G- Não, e isso nem nos grandes centros urbanos nem no interior do país. A diferença é que há lugares em que as crianças têm mais oportunidades para viver a infância como uma experiência plena, rica. E pode acontecer num quintal da cidade ou num quintal-rio do interior do país. Vejo muitos paradoxos. Por exemplo, estamos voltando de uma viagem da região pantaneira, um lugar de beleza de tirar fôlego. Passamos por uma escola que fica às margens do rio Paraguai, que traz uma brisa incrível. Um ribeirinho nos disse: “Ser pantaneiro e ter o vento norte no peito". "Está sentindo?”, seguiu perguntando enquanto tomava seu tererê. Sim, estava sentindo. Enquanto isso, as crianças pantaneiras tinham aula numa sala abafada, com janela diminuta… Se a escola não se conecta com o lugar onde está inserida, como vai se conectar com a infância e sua linguagem mais genuína (o brincar)?







T- Conhecer o brincar das mais diferentes formas, nas mais destintas realidades faz com que o Projeto Infâncias tenha um material único. De que forma este material é divulgado, como chega ao grande público?
G- O Infâncias não é um projeto sobre o brincar, sabe? Como coordenei o projeto Mapa do Brincar (www.mapadobrincar.com.br) e fiz a curadoria da exposição Trilhas do Brincar com a Renata Meirelles, fiquei muito voltada ao tema nos últimos anos, desde 2009. Nos últimos dois anos, produzimos vários pequenos documentários para a exposição Trilhas do Brincar também. Vamos caminhando-viajando e ajustando nosso foco. Nosso desejo é mostrar os cotidianos e os imaginários infantis, trazer histórias de meninas e meninos pescadores, boiadeiros, caçadores, remadores e muitos outros – assim como temos trazido na série Quintais, publicada na Folhinha - http://www1.folha.uol.com.br/folhinha/2014/04/1439281-criancas-cacam-e-domam-jumentos-no-sertao-do-ceara.shtml. Mostrar a criança como protagonista em seu cotidiano, em seu quintal. Bem, sobre chegar ao público, estamos batalhando bastante para conseguirmos recursos para finalizar e distribuir esse material – tanto nas comunidades envolvidas como em outras escolas e cidades.






T- Futuros projetos?
G- Estamos agora trabalhando na finalização de materiais - um filme e dois livros. Também estamos empenhados em fazer uma série de documentários com nossos registros audiovisuais. E seguimos viajando, agora alcançando as fronteiras do país. Te respondo esse e–mail de Corumbá (MS), onde visitamos a fronteira com a Bolívia. Queremos muito visitar os quintais de outros países…

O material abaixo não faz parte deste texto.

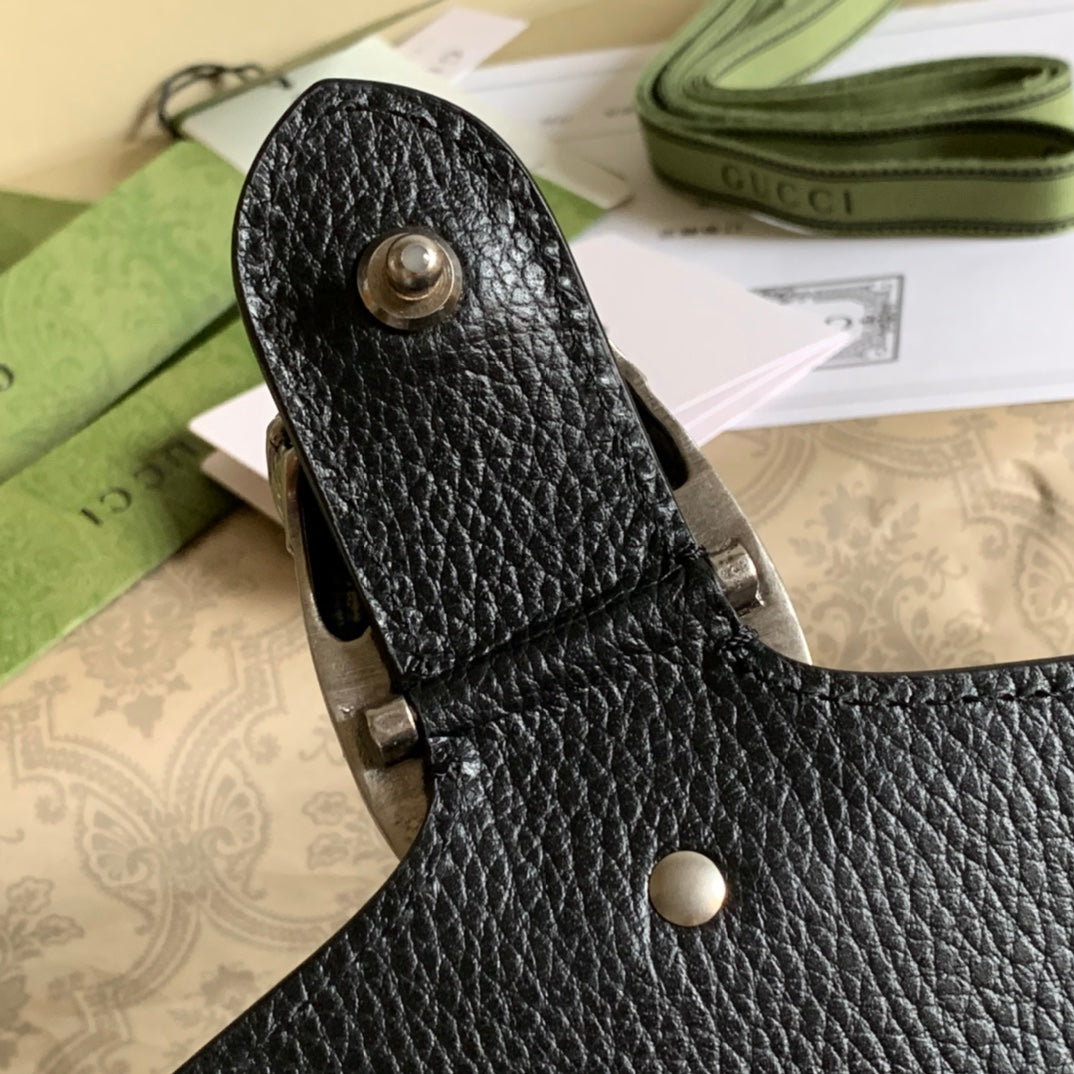 Luxury Gucci DYONYSUS SHOULDER BAG 20 IN BLACK CALFSKIN SILVER HARDWARE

Gabriela Romeu é uma jornalista especializada em produção cultural para a infância. Há 14 anos escreve sobre e para crianças no jornal Folha de S.Paulo, onde editou o caderno Folhinha e produziu diversas reportagens sobre as realidades infantis do Brasil. Atualmente escreve crítica sobre teatro infantil para o Guia da Folha, indica produções culturais (livros, peças teatrais, exposições etc.) para crianças na coluna Eleitos da revista Sãopaulo e publica mensalmente no caderno Folhinha a série de reportagens Quintais, que trata sobre o cotidiano, o imaginário e o brincar das crianças em diferentes cantos do país. Foi uma das idealizadoras e coordenadora do projeto Mapa do Brincar (www.mapadobrincar.com.br), vencedor do Grande Prêmio Ayrton Senna de Jornalismo e do Prix Jeunesse Iberoamericano. Crítica de teatro infantil, é membro da APCA (Associação Paulista de Críticos de Arte) e jurada do Prêmio Femsa de Teatro Infantil e Juvenil. Em parceria com a antropóloga Elizabeth Rodrigues da Costa, é coautora do livro Tutu-Moringa – História que Tataravó Contou (Companhia das Letrinhas), que recebeu o selo Altamente Recomendável da FNLIJ. É cocuradora da exposição Trilhas do Brincar (Sesc Santos, Sesc Santo André e Sesc Araraquara), que reuniu a pesquisa do Mapa do Brincar e depois do Infâncias, entre outros projetos. É uma das idealizadoras do projeto Infâncias (www.projetoinfancias.com.br), que está documentando a vida das crianças em diferentes lugares do país.